The Korean Pension Association, a group of experts conducting research on the nation’s public and private pension systems, held a joint seminar on October 7 with the Finnish Center for Pensions. The Helsinki-based research institute is dedicated to developing the European nation’s earnings-related pension plan.

Titled “International Symposium on the Pensions of South Korea and Finland: Demographic Challenges and Future Responses,” the event was aimed at providing expert knowledge and insights on how to reform public and private pension systems in response to demographic changes.

“In both Finland and Korea, life expectancy has been increasing at a rapid rate, while the fertility rate -- the average number of children each woman is expected to give birth to over her lifetime -- continued to fall,” said KPA President Yun Suk-myung.

“However, Finland managed to keep its birth rate at 1.34, as of August. On the other hand, Korea continued to have low fertility rates for the last 20 years.”

Yun stressed the importance of people-to-people exchanges between the two countries to discuss measures to achieve long-term sustainability for the state pension fund in the wake of the fast-aging population.

South Korea’s total fertility rate per woman amounted to 1.1 in 2021, the lowest among all 198 countries surveyed and far lower than the global average of 2.4, according to the report from the UN Population Fund.

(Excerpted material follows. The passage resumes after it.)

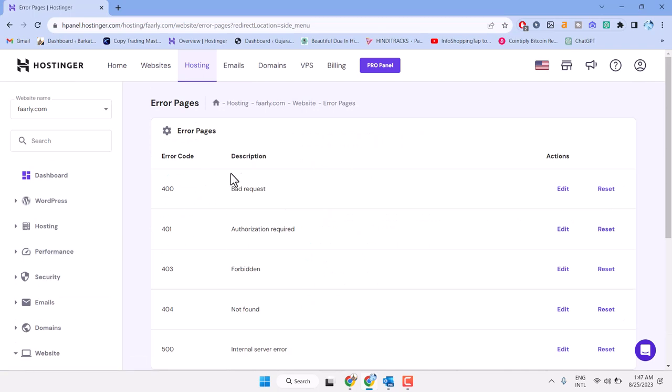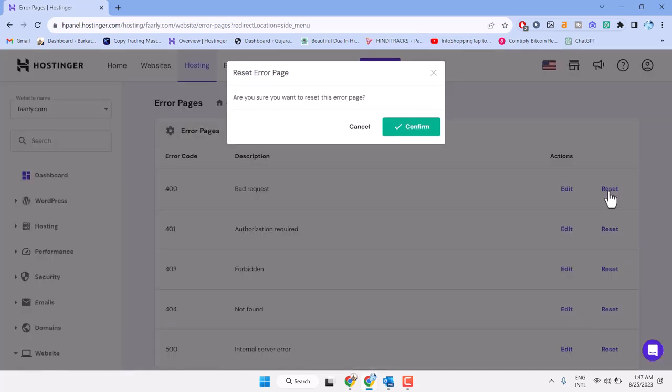Here you will see error codes 400, 401, and 403. To resolve any error, click on Reset and confirm.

During the first session of the symposium, Mikko Kautto, managing director of the Finnish Center for Pensions, delivered a speech on the financial impact of Finland’s demographic structure on the nation’s pension systems.

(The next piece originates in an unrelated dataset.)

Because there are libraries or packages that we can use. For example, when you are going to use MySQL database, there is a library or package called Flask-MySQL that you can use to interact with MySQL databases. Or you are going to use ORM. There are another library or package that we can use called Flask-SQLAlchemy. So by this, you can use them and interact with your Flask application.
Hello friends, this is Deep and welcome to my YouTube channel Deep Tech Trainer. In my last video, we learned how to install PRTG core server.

“The demographic development poses serious questions on sustainability of public pensions and public finances in more general. The key purpose of pension systems is to protect older people from poverty and to allow them to enjoy decent living standards. But the necessary condition to carry out this task is to have financial sustainability in pension schemes,” he said.

Meanwhile, in the second session, market experts such as Cho Young-tae, a professor of public health sciences at Seoul National University, and Nam Jae-woo, a researcher at the Korea Capital Market Institute, briefed the group on how the government could develop alternative policies for Korea’s public and private pension systems.